But the saga appears to be reaching its conclusion before ever reaching a climax. The agreement between the Department of Justice and the House filed with the court last week will almost certainly end the litigation without judicial resolution of the executive branch’s claim that the president’s advisers are absolutely immune from compelled testimony before Congress. Both on Lawfare and in a paper last year in the Duke Law Journal, I have described the way the executive branch uses internal constitutional doctrines such as testimonial immunity to thwart congressional oversight. The Trump administration used a number of these doctrines aggressively, but perhaps none more so than testimonial immunity. Numerous White House advisers—along with McGahn—refused to comply with investigations related to the Mueller report and, later, defied subpoenas to testify in the House’s first impeachment investigation relating to the withholding of foreign aid from Ukraine. 

The fights also raised important antecedent questions about the judiciary’s ability to hear and resolve such suits. Those issues relate to the federal courts’ jurisdiction under Article III of the Constitution and to the courts’ ability to redress the wrongs alleged in U.S. interbranch disputes. They implicate fundamental questions about the role of courts in the United States’s constitutional structure. No doubt, should the case have continued to the Supreme Court, there would have been any number of additional opinions on the antecedent questions of jurisdiction and the existence of a cause of action as well as the central constitutional claim of testimonial immunity. But now, with the agreement signed, these questions return to their previous place of repose—the realm of constitutional ambiguity.

If not answers to these thorny constitutional puzzles, then what is there to take away from this dispute over McGahn’s testimony and the agreement that ended it? House Judiciary Chairman Jerrold Nadler suggested that the agreement represents an end to “an era of obstruction,” and others have similarly opined that the agreement validates congressional oversight authority. But I take a bit of a contrarian view. To me, the McGahn agreement represents an unmitigated loss for Congress as an institution and a lost opportunity that may not represent itself again for quite some time. Moreover, read carefully, the agreement appears to accept, at least implicitly, a robust interpretation of executive privilege. 

A Lost Opportunity

A growing chorus of voices is arguing that the entire McGahn affair demonstrates Congress’s folly in turning to the courts to vindicate its institutional interests. As Jurecic and Wittes put it: “In the end, the basic problem here is that litigation is the wrong instrument for resolving these disputes and that Congress itself has disabled the more useful instruments.” Josh Chafetz has been championing this conclusion for some time, arguing that the courts are empowering themselves at the expense of Congress in these suits—and that Congress is complicit in that transfer of power by turning to the courts rather than using its own institutional authority. 

I cannot join in that chorus. There is no doubt that the premise of the argument is true. As an empirical matter, lawsuits have proved extremely ineffective and inefficient as a means of enforcing congressional oversight demands. But where I depart is with the conclusion that Congress’s other “institutional” instruments would be more effective and that the only goal of such lawsuits is to enforce a specific oversight demand. Instead, my view is that Congress’s other institutional authorities are just as ineffectual as lawsuits. And lawsuits may be the only method of restoring congressional oversight authority. 
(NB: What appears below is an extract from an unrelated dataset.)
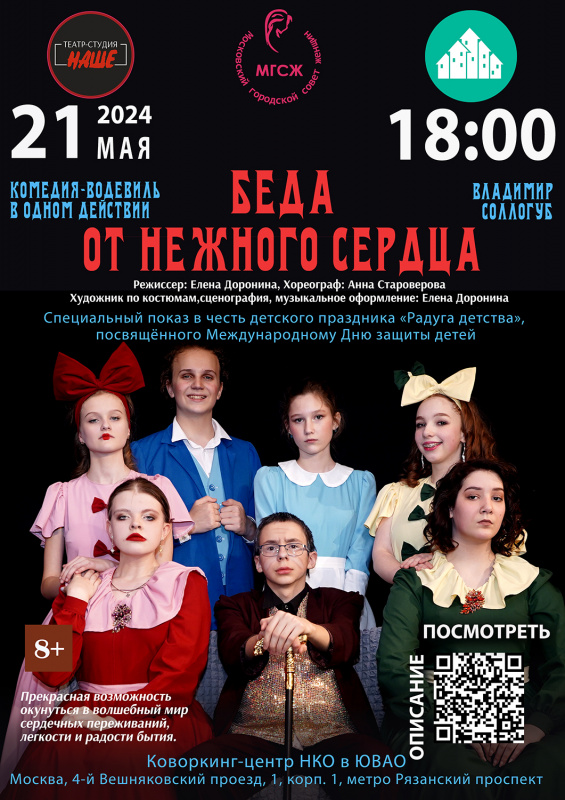 21.05.24 Водевиль "Беда от нежного сердца"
By locating its defensive doctrines in the Constitution’s separation of powers—rather than, say, common law privileges—the executive branch retains the ability to thwart almost any attempt at self-enforcement by Congress. The two principal “institutional” powers people typically cite are, first, Congress’s inherent contempt authority—which, a century ago, it used occasionally to imprison recalcitrant witnesses—and, second, Congress’s authority to appropriate money. 

With respect to the first, as I explain in my paper, “Congress, faced with a defiant executive branch, likely does not have any mechanism by which to enforce inherent contempt—whether fine or arrest—even if it had the desire to do so. Every option would appear to require the participation of at least some executive branch officials.” And claims that there is historical support for such action do not withstand scrutiny. As Todd David Peterson has written, the “contention that there are historical precedents for the use of Congress’s inherent contempt power against officials who assert the President’s claim of executive privilege is incorrect.”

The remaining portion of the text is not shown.